Task prompt: Copy the listing exactly, images excluded.

Dataset excerpt:
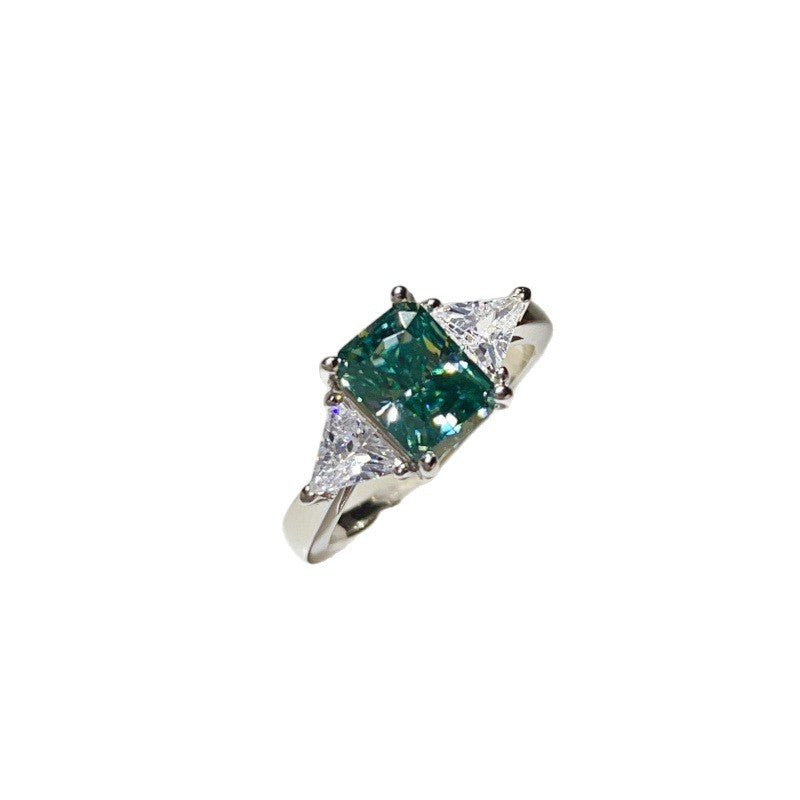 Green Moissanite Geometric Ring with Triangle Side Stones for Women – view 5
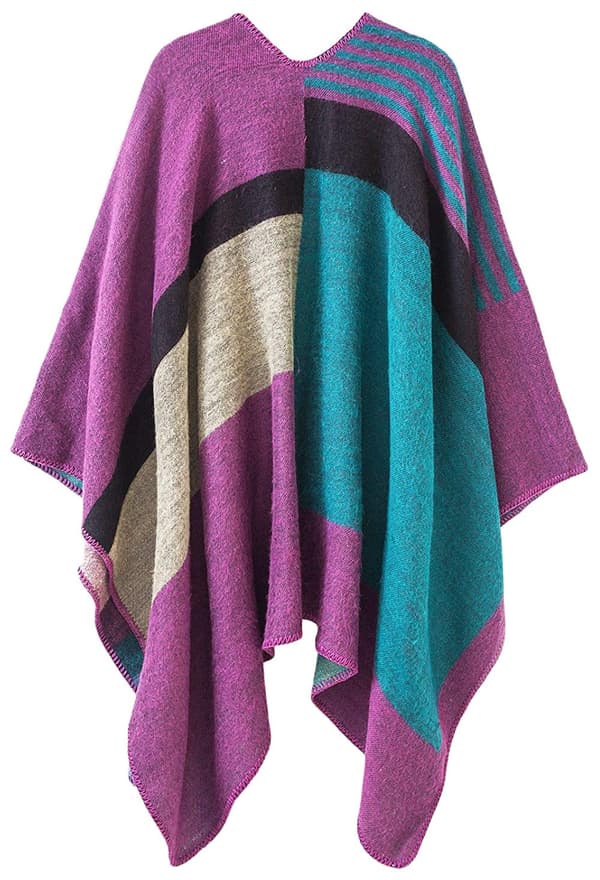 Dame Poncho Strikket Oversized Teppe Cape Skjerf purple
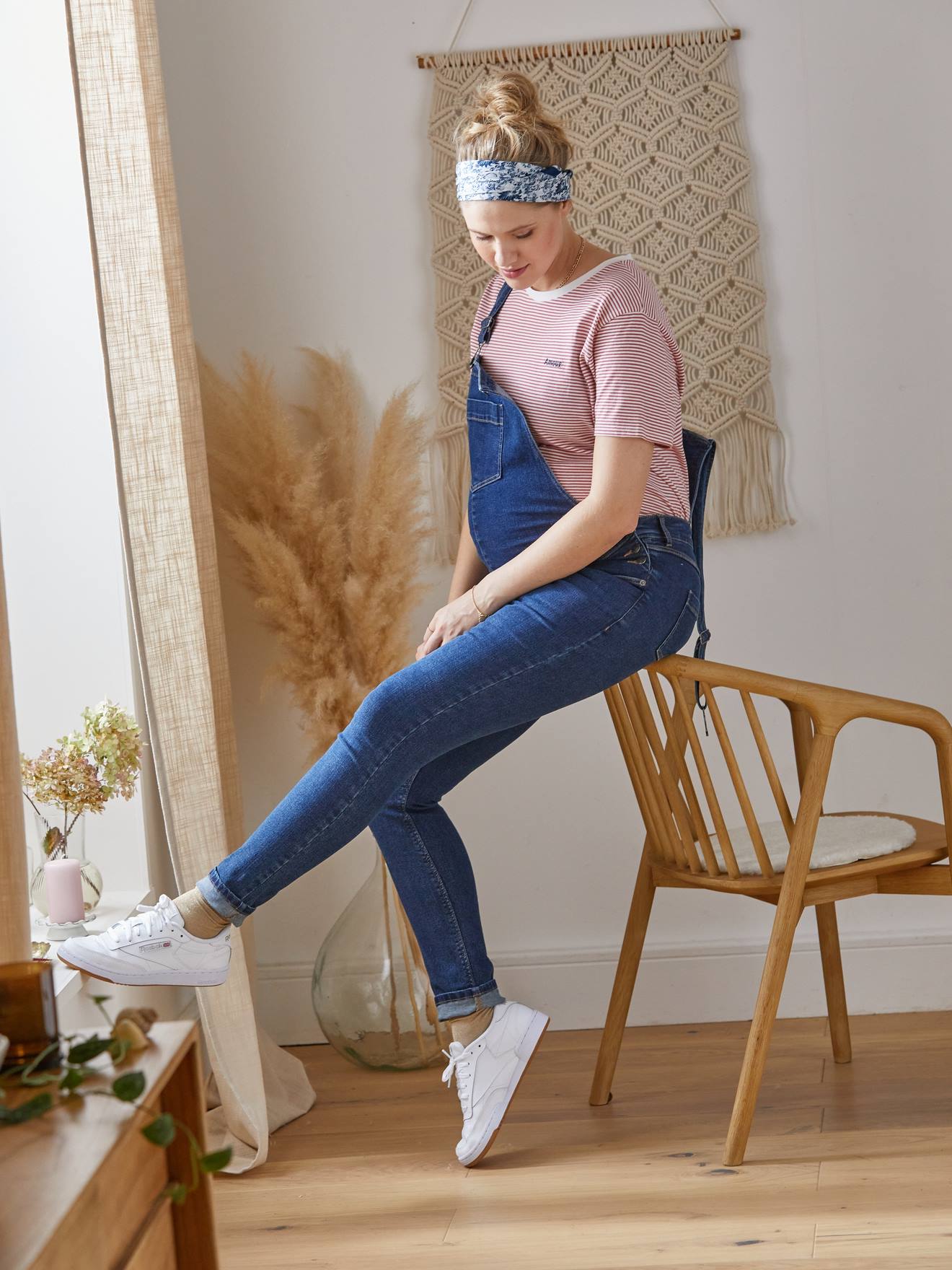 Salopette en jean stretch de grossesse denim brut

Solution to this problem:
 Green Moissanite Geometric Ring with Triangle Side Stones for Women – view 5
 Dame Poncho Strikket Oversized Teppe Cape Skjerf purple
 Salopette en jean stretch de grossesse denim brut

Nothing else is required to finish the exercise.